▼

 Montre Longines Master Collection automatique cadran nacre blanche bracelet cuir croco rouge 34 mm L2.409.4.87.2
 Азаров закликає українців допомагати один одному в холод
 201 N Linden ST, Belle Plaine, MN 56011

▲
▼

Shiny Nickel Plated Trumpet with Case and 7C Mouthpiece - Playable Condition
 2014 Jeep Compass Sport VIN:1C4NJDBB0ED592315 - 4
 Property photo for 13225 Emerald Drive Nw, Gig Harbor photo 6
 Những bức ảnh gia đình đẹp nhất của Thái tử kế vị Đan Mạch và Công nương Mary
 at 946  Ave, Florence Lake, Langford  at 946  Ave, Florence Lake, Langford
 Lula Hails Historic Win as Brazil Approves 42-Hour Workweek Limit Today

▲

### Exercise directions:
Write out exactly the lines above from the line with "Shiny Nickel Plated" through the line with "Lula Hails Historic", both of them included, and leave out all other lines.

### Written solution:
Shiny Nickel Plated Trumpet with Case and 7C Mouthpiece - Playable Condition
 2014 Jeep Compass Sport VIN:1C4NJDBB0ED592315 - 4
 Property photo for 13225 Emerald Drive Nw, Gig Harbor photo 6
 Những bức ảnh gia đình đẹp nhất của Thái tử kế vị Đan Mạch và Công nương Mary
 at 946  Ave, Florence Lake, Langford  at 946  Ave, Florence Lake, Langford
 Lula Hails Historic Win as Brazil Approves 42-Hour Workweek Limit Today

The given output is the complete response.